The big surge in stocks so far in October has many investors hoping that this rally is the start of something really big. A near-12% surge off of the September lows in less than three weeks, combined with what is traditionally considered the beginning of the growth season for stocks, has the bulls feeling pretty good about their chances for a continued stampede.
The reality of the situation is that despite the big move higher in domestic stocks, when you look at some of the biggest global indices out there, it looks more like a bear market than anything else. Yes, the October rally has been impressive. But as I said last week, I think it’s likely a case of going up too far, too fast.
The way I see it, not many investors are worried about the current price levels in global stocks, and they seem to be oblivious to the severity of the fundamental problems in the economy. First, let’s tackle the technical issues and see why my bent is leaning toward the bear.

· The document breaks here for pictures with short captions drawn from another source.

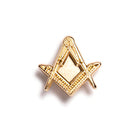 A small gold pin badge featuring the square and compasses symbol.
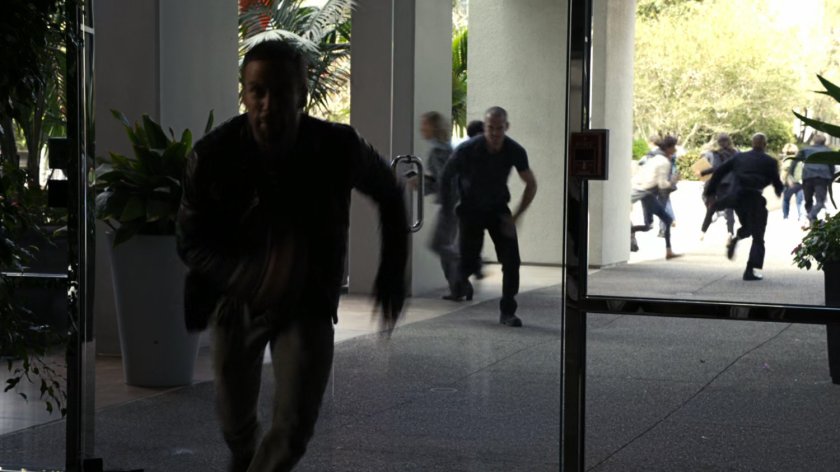 Creel chasing Hunter into hotel.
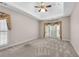 Bright and airy main bedroom with large windows and neutral carpeting at 4769 Ellington Ct, Marietta, GA 30067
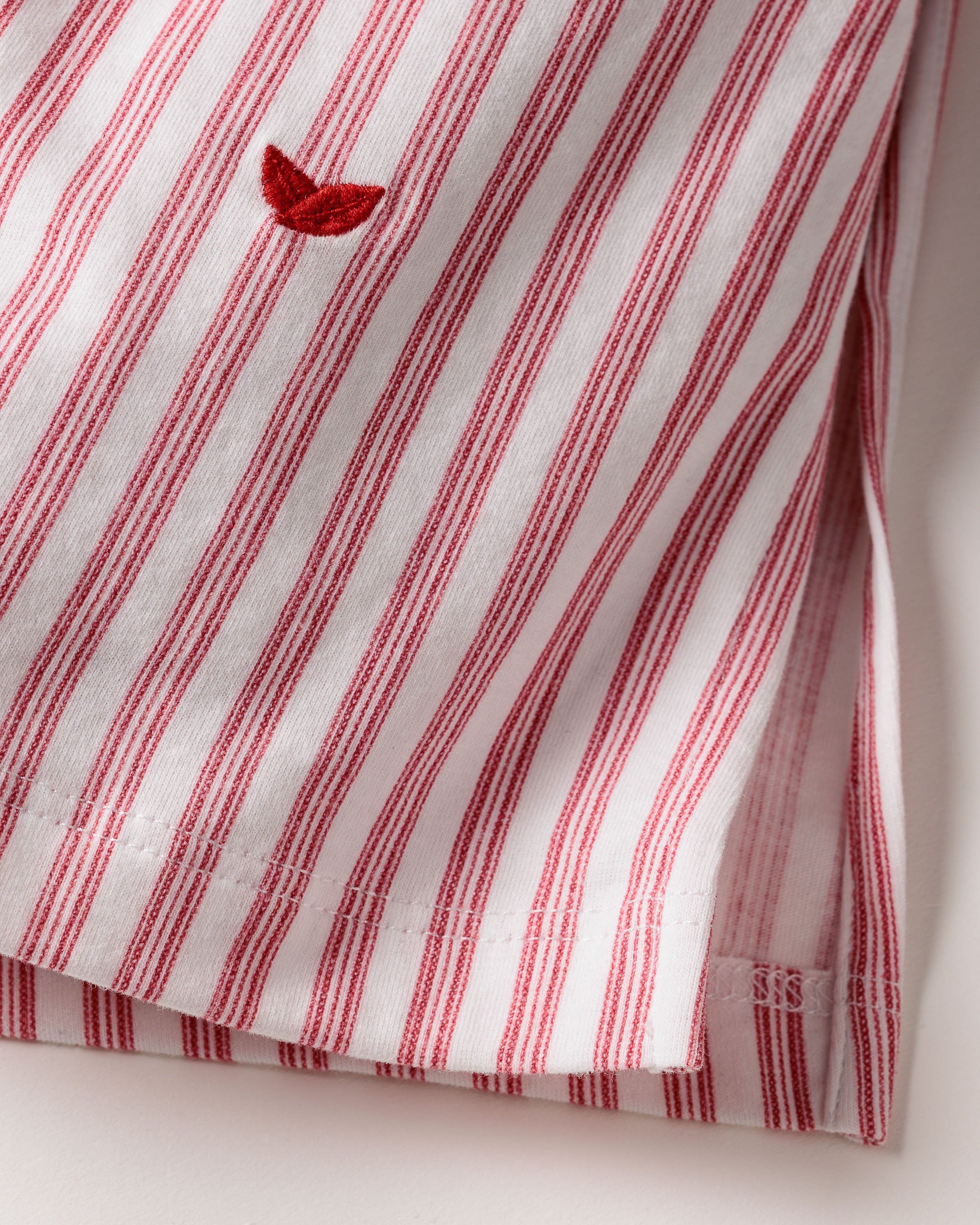 The Womens Pima Harlow Nightgown by Petite Plume, in Antique Red Ticking, features luxurious white Peruvian Pima cotton with red vertical stripes and a small embroidered bird. It has neat seams with visible stitching and a folded corner, displayed on a light surface.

The three charts below show how far we’ve come down in each respective market segment since each hit their most-recent highs. The first chart is the Vanguard Total Market VIPERS (VTI), which is the measure of all stocks traded on the U.S. markets. The second chart is the iShares MSCI EAFA Index (EFA), a measure of publicly traded securities in the European, Australasian and Far Eastern markets. Finally, we have the iShares MSCI Emerging Markets (EEM), which is a basket of emerging market companies from China, Brazil, India and 20 other emerging market economies.

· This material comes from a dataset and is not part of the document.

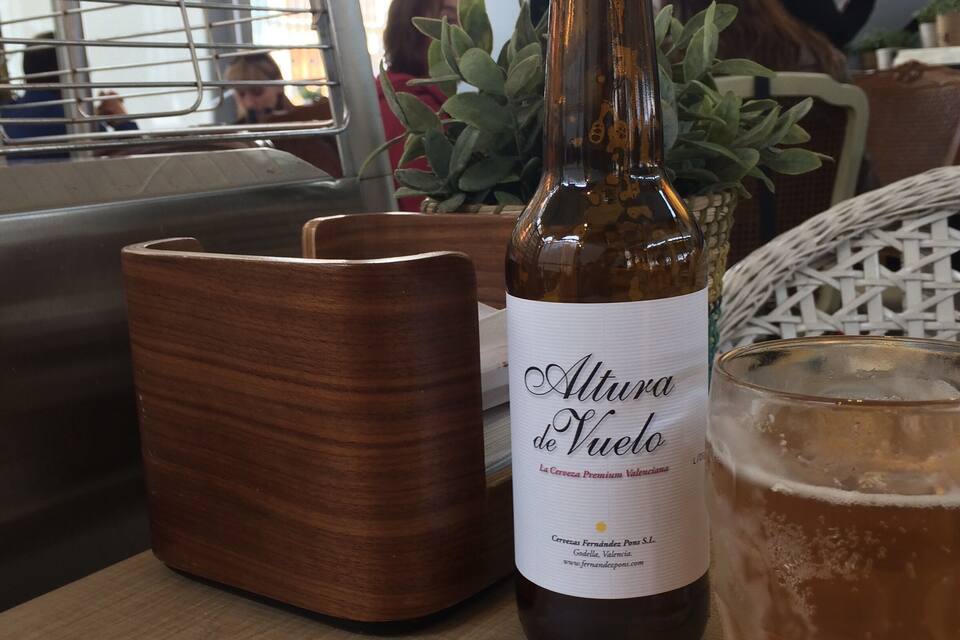 A bottle of Altura de Viedo beer, a glass of beer, and wooden coasters on a table.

As you can see from all three charts, the current price of each fund is well below its long-term, 200-day moving average. This level represents significant technical resistance that’s hard to fight through, even during the most ardent buying frenzies. Moreover, we saw in August that the short-term, 50-day moving average fell below the 200-day moving average, another technically bearish sign for these markets. Finally, each of these funds fell into official bear market territory in September, declining more than 20% from their previous highs.
On the fundamental side of the equation global economic growth has stalled in developed countries, and is slowing down significantly in emerging markets. This contraction of economic activity is recessionary. Even though we have yet to see negative growth numbers out of Europe, the slowdown in the global economy means that we are moving in the wrong direction.
Without getting into too much detail, the debt crisis in Europe, the political acrimony in the United States and the contracting markets in Europe, China and other emerging markets are ominous signs. These setbacks mean fundamental headwinds are likely to blow back any bullish sentiment in stocks.
I want all Alert readers to recognize the economic environment we are in, and accept it. Once we accept the potential for a continued global bear market, we can prepare accordingly. My dad, Dick Fabian, taught me a long time ago that the key to succeeding in a bear market is survival. In bear markets, it’s all about keeping the majority of your investment capital intact. It’s about maintaining your net worth so that when the skies clear up, you’ll have the capital on hand to put money to work.
In the weeks to come I’ll be writing more on how to survive a bear market. But for now, this introduction to bear market survival should serve you well. As they say, the first step in conquering a problem is recognizing there is one. In this market, the problem is that a looming bear is ready to maul us.